[Bug 1638695] Re: Python 2.7.12 performance regression

Fri Jan 13 23:41:11 UTC 2017

Hello,

I have been working to track down the origin of the performance penalty
exposed by this bug.

All the tests that I am performing are made on top of a locally compiled version of python 2.7.12 (from upstream sources, not applying any ubuntu patch on it)
built with different versions of GCC, 5.3.1 (current) and 4.8.0 both coming from the Ubuntu archives.

I can see important performance differences as I mentioned on my previous comments (check the full comparisons stats) just by
switching the GCC version.
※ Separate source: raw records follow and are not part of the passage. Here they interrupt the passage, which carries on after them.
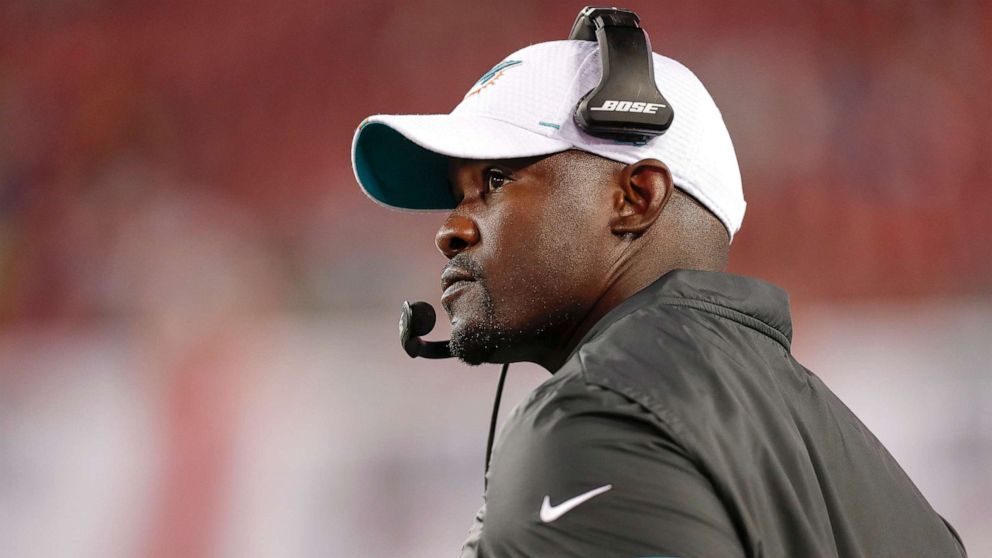 NFL wants to move Brian Flores' discrimination case to arbitration 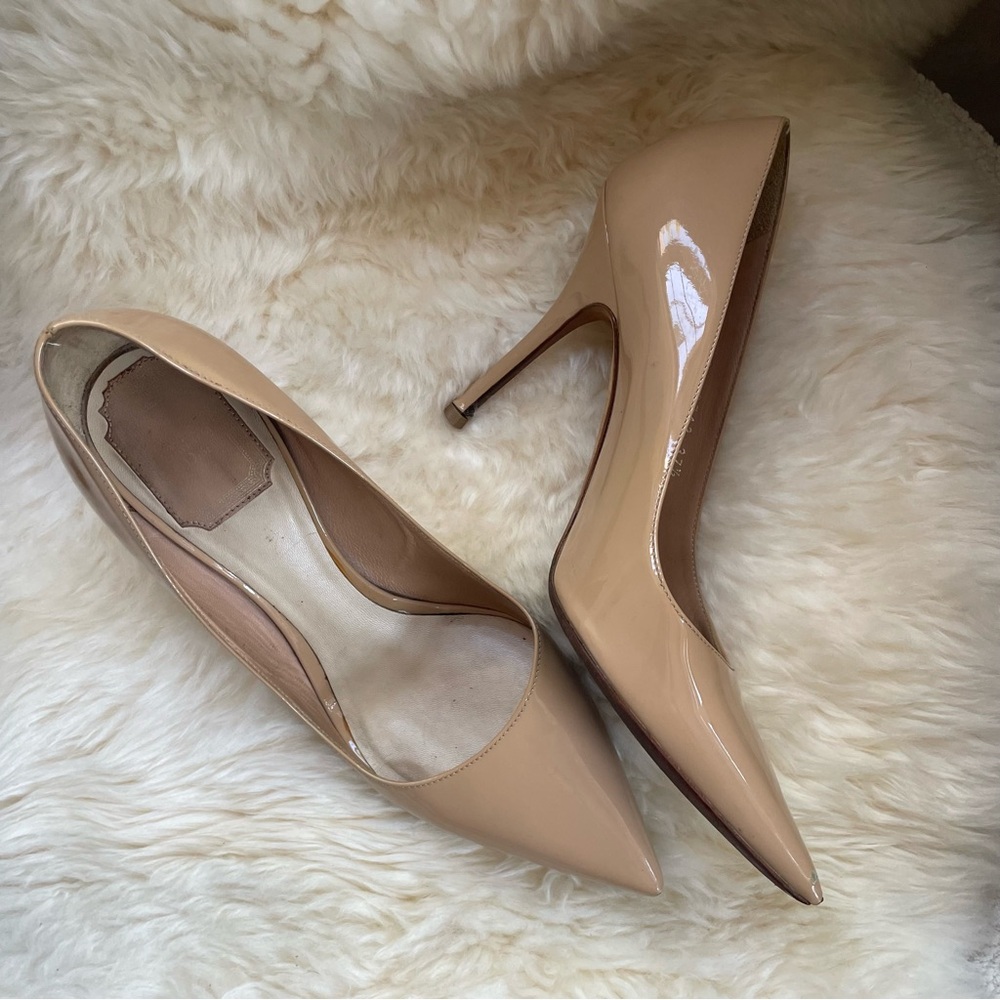Christian Dior Classic Nude Pumps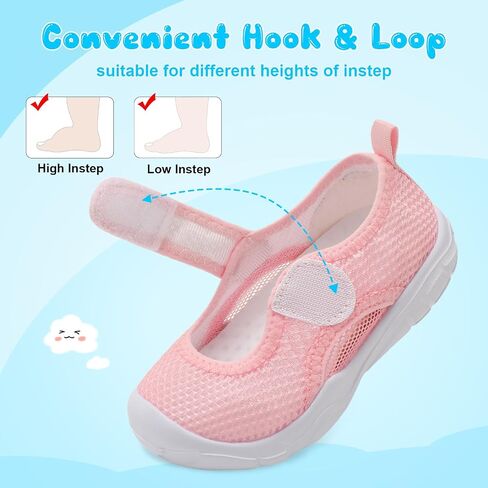 صندل صغير من L-Run Toddler Summer Boys Girls Admable Kids Randal with Hook Loop مغلق أخيق صنادل رياضية خفيفة في الهواء الطلق in Kuwait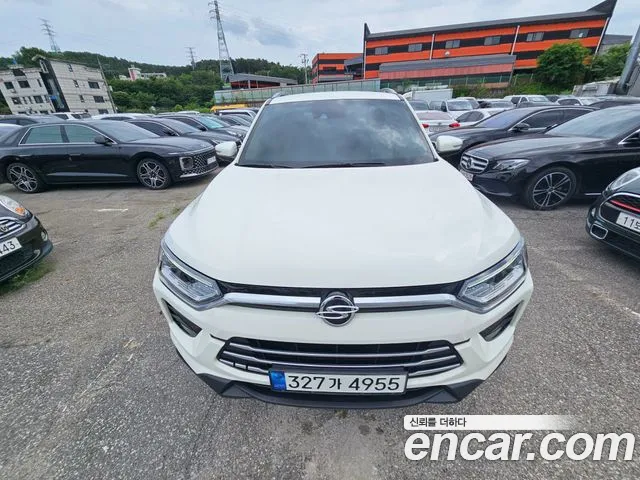 KG Mobility Korando
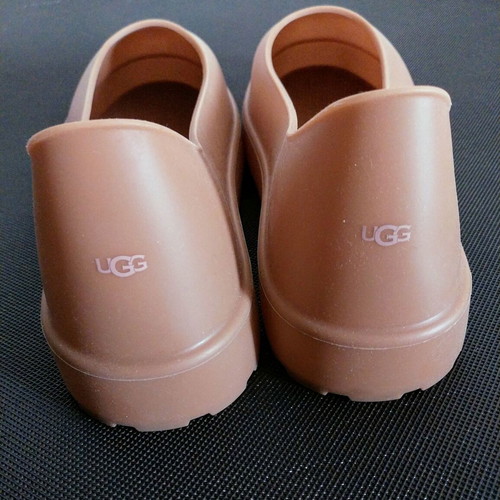Uggguard men's shoe protector size L new, beige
I decided to focus my investigation on the pickle module, since it seems to be the most affected one being
approximately 1.17x slower between the different gcc versions.

Due to the amount of changes introduced between 4.8.0 and 5.3.1 I decided to not persue the approach
of doing a bisection of the changes for identifying an offending commit yet, until we can identify which optimization or change
at compile time is causing the regression and focus our investigation on that specific area.
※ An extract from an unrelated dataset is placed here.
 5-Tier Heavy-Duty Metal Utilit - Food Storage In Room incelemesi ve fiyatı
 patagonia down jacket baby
My understanding is that the performance penalty caused by the compiler might be related
to 2 factors, a important change on the linked libc or a optimization made by the compiler in the resulting object. 

Since the resulting objects are linked against the same glibc version 2.23, I will not consider that factor as part of the analysis,
instead I will focus on analyzing the performance of the resulting objects generated by the compiler.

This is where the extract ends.